Machine Learning · 10 min read · 3 Jul 2026

Feature Scaling: Which Models Care and Which Do Not

Some algorithms are quietly ruined by unscaled features while others could not care less. Here is the reasoning behind the split, with worked numbers.

Why this question keeps coming up

Every so often I see a pipeline where someone has standardised every column before fitting a random forest, or skipped scaling entirely before fitting a support vector machine, and then wondered why performance looked odd. Feature scaling is one of those preprocessing steps that gets applied by habit rather than by reasoning. The habit is not wrong exactly, but it hides a genuinely useful distinction: some model families are mathematically sensitive to the scale of your inputs, and some are completely indifferent to it. Knowing which is which saves time, avoids silent bugs, and stops you from applying transformations that do nothing except add complexity to your pipeline.

The core idea is simple once you see it clearly. Models that rely on distances, dot products, or gradient based optimisation over raw feature values tend to be scale sensitive. Models that make decisions based on the order of values within a feature, rather than their magnitude relative to other features, tend to be scale invariant. That single distinction explains almost the entire landscape of when scaling matters.

This is not a purely academic point. In practice, forgetting to scale before fitting a linear model with regularisation can silently distort which features get penalised, while spending time scaling before fitting a decision tree is wasted effort that adds no value and can even obscure interpretability if you are not careful about undoing the transformation later. Getting this right is part of being rigorous about your pipeline rather than just running whatever transformer happens to be next in a tutorial.

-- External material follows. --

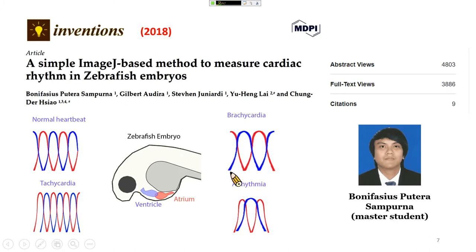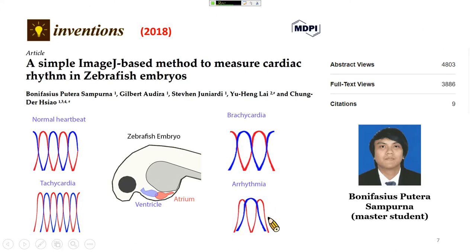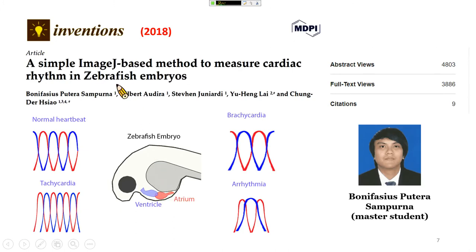The most serious condition is arrhythmia, where the atrium-to-ventricle ratio becomes two-to-one — we call this irregularity of the heartbeat. In this protocol, we use ImageJ to analyze the signal from the atrium and ventricle, and eventually we are able to quantify the cardiac rhythm.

The intuition behind scale sensitivity

Think about what a model actually does with the numbers you feed it. A k nearest neighbours classifier computes distances between points across all features simultaneously, usually using something like Euclidean distance. If one feature is measured in thousands and another in single digits, the feature with the larger numeric range will dominate the distance calculation almost entirely, regardless of whether it is actually more informative for the task.

Consider a small example with two features: annual income in pounds, ranging roughly from twenty thousand to one hundred thousand, and number of years of employment, ranging from zero to forty. Suppose two customers differ by fifteen thousand pounds in income and by two years in employment. The squared difference in income contributes something on the order of two hundred and twenty five million to the squared distance calculation, while the squared difference in employment years contributes four. The income feature completely swamps the employment feature, not because it is more predictive, but purely because of the units it happens to be recorded in. If you switched income to be measured in thousands of pounds instead, the contribution drops to twenty two point five, a far more comparable figure. The underlying information has not changed, but the model's behaviour has changed dramatically simply because of a unit choice.

This same logic applies to any algorithm that computes distances or inner products across features: k nearest neighbours, k means clustering, support vector machines with common kernels, and principal component analysis all fall into this category. Gradient based optimisation has a related but slightly different sensitivity. When features have wildly different scales, the loss surface becomes elongated and stretched in certain directions, which makes gradient descent take a zigzagging path towards the minimum rather than a direct one. This slows convergence and can require far more careful tuning of the learning rate than would otherwise be necessary.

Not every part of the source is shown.